- [TASK]
Pictures in the entries below are excluded; copy only the lines from the one containing "how to making" to the one containing "IMG_20150226_170721 - Cuib", both included.

SUPPLIED RECORDS Block Start

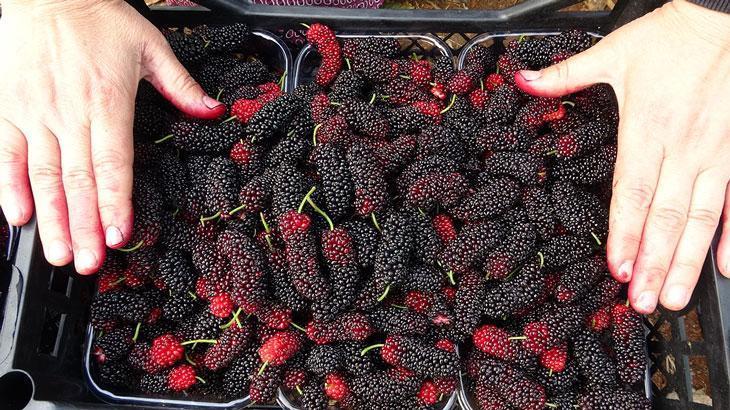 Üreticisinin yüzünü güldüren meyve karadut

SUPPLIED RECORDS Block End
SUPPLIED RECORDS Block Start

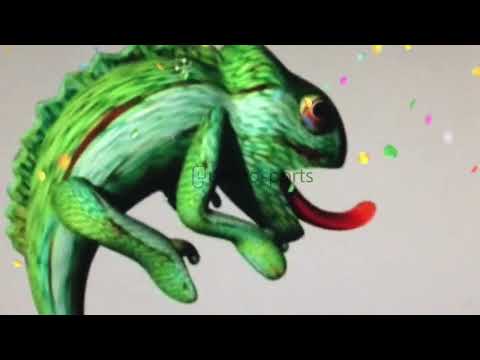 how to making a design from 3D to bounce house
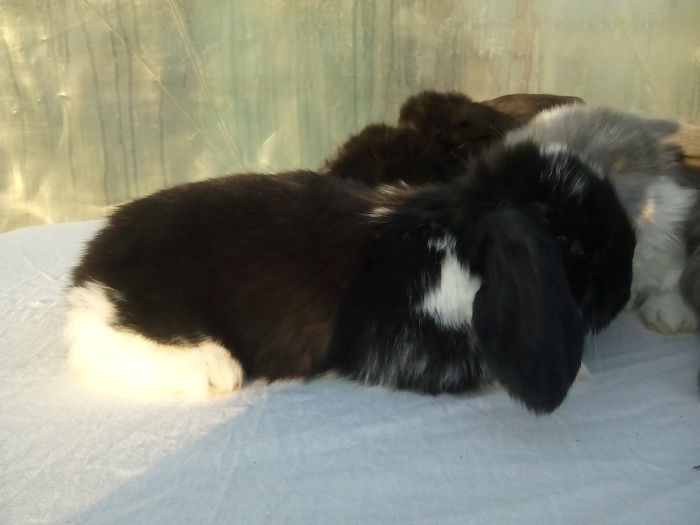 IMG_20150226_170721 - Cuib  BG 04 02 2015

SUPPLIED RECORDS Block End

- [REPLY TO THE TASK]
 how to making a design from 3D to bounce house
 IMG_20150226_170721 - Cuib  BG 04 02 2015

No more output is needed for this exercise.